I don’t agree with the underlying assumption of Alain de Botton’s recent work that art’s value lies in what it is for, the purposes it serves. As an expression of human capacities, art is valuable in itself regardless of whether it can be used for some purpose.
But that doesn’t mean that art doesn’t sometimes serve a purpose. So I quite like this animated video by de Botton which lays out 5 purposes that art serves.
The first one is especially noteworthy because it is often ignored. Art encourages hope.
As Botton points out “it is an obvious but striking fact that the most popular works of art in the world show pretty things—happy people, flowers in spring, blue skies.”.He goes on to argue that without the “pretty things” depicted in art we are in danger of slipping into despair. Prettiness is an “emblem of hope” he asserts.

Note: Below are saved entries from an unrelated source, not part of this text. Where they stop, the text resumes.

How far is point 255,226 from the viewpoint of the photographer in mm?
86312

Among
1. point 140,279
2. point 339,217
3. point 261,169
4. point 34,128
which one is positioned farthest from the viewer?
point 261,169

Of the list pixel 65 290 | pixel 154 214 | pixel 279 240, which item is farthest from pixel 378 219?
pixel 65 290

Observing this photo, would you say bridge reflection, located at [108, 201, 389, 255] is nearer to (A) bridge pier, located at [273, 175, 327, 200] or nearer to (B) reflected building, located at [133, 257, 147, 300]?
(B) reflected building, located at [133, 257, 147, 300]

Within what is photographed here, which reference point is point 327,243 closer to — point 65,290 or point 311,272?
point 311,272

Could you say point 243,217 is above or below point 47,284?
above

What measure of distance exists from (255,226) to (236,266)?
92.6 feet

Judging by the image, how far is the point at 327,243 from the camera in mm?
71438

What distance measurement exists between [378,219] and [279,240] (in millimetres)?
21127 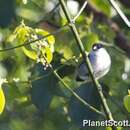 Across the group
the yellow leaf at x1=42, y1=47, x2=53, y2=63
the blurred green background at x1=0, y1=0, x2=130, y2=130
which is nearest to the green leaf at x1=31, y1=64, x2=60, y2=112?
the blurred green background at x1=0, y1=0, x2=130, y2=130

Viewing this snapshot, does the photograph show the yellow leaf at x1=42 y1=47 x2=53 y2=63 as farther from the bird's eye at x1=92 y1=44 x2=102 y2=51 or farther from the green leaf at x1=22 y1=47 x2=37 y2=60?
the bird's eye at x1=92 y1=44 x2=102 y2=51

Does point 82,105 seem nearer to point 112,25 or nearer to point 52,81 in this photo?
point 52,81

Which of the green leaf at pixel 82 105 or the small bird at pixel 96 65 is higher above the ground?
A: the small bird at pixel 96 65

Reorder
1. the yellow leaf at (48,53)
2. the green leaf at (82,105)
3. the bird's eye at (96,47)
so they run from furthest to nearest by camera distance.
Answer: the bird's eye at (96,47)
the green leaf at (82,105)
the yellow leaf at (48,53)

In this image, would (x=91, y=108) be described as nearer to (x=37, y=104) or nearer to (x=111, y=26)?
(x=37, y=104)

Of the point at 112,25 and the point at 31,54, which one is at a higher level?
the point at 112,25

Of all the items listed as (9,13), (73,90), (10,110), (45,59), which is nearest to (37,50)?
(45,59)

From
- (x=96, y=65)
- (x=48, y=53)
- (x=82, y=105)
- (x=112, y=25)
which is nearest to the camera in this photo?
(x=48, y=53)

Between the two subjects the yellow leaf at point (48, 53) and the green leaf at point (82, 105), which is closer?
the yellow leaf at point (48, 53)

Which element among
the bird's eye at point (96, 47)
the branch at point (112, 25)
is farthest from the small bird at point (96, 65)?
the branch at point (112, 25)

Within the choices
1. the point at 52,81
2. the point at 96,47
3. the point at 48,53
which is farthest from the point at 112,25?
the point at 48,53

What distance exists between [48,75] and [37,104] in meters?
0.08

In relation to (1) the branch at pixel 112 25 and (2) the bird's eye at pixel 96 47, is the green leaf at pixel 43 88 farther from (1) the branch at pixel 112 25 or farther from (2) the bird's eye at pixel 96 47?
(1) the branch at pixel 112 25

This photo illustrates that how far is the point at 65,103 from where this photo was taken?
150 centimetres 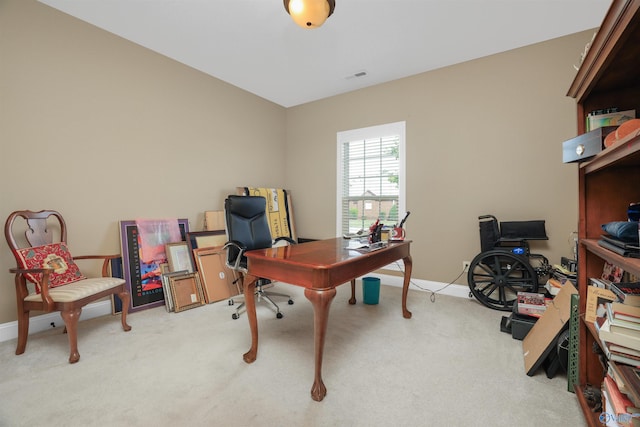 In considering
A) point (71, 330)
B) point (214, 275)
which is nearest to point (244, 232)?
point (214, 275)

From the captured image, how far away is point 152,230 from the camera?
10.2ft

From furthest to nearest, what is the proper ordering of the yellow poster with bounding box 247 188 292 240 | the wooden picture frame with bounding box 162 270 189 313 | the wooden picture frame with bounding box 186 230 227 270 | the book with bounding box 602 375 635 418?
the yellow poster with bounding box 247 188 292 240
the wooden picture frame with bounding box 186 230 227 270
the wooden picture frame with bounding box 162 270 189 313
the book with bounding box 602 375 635 418

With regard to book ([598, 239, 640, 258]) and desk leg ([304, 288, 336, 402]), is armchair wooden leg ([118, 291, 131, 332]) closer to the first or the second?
desk leg ([304, 288, 336, 402])

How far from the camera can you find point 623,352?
1.08 meters

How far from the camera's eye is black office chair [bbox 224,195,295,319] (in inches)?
106

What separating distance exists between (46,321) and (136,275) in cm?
76

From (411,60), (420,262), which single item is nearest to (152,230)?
(420,262)

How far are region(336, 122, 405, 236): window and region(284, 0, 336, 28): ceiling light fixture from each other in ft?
7.43

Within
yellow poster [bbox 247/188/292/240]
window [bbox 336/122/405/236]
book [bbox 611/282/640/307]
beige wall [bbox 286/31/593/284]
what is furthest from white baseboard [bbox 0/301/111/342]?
book [bbox 611/282/640/307]

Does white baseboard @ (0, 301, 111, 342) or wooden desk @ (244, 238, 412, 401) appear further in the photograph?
white baseboard @ (0, 301, 111, 342)

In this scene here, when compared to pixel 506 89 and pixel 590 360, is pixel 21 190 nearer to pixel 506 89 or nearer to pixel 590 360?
pixel 590 360

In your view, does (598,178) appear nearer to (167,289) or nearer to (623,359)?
(623,359)

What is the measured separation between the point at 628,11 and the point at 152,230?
3.87 m

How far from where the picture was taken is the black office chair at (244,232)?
8.80 ft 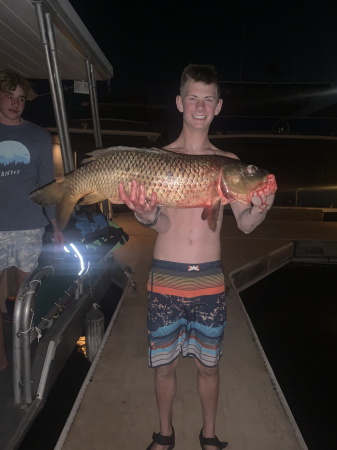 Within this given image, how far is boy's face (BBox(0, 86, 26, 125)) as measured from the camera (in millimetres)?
2781

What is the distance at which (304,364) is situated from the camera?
4.36 metres

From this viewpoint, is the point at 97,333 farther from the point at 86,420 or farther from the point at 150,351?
the point at 150,351

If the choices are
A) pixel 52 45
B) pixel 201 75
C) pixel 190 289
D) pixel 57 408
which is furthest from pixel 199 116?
pixel 57 408

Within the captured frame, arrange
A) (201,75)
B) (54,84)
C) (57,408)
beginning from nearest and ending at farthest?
(201,75) < (57,408) < (54,84)

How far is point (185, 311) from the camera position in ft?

My fellow academics along with many people in the art world simply laugh at such sentiments. They would argue that prettiness has nothing to do with genuine art that must, if it is honest, represent all that is painful and troubling in human life as well and have meaning that runs deeper than its surface appearance. And of course much art is not pretty. But still Botton has a point that the art that the public seems to crave, that survives the centuries in the public imagination, is pretty. The popularity of impressionism is evidence for the thesis.
Thus, it would seem that for most people, who are not art experts, perhaps art is an emblem of hope.
This perspective is important in the question about whether food can be art. Food must be delicious in order to qualify, and I take it “delicious” is an analogue of “pretty”—its sensory surface is pleasurable.
Good food is also an “emblem of hope”.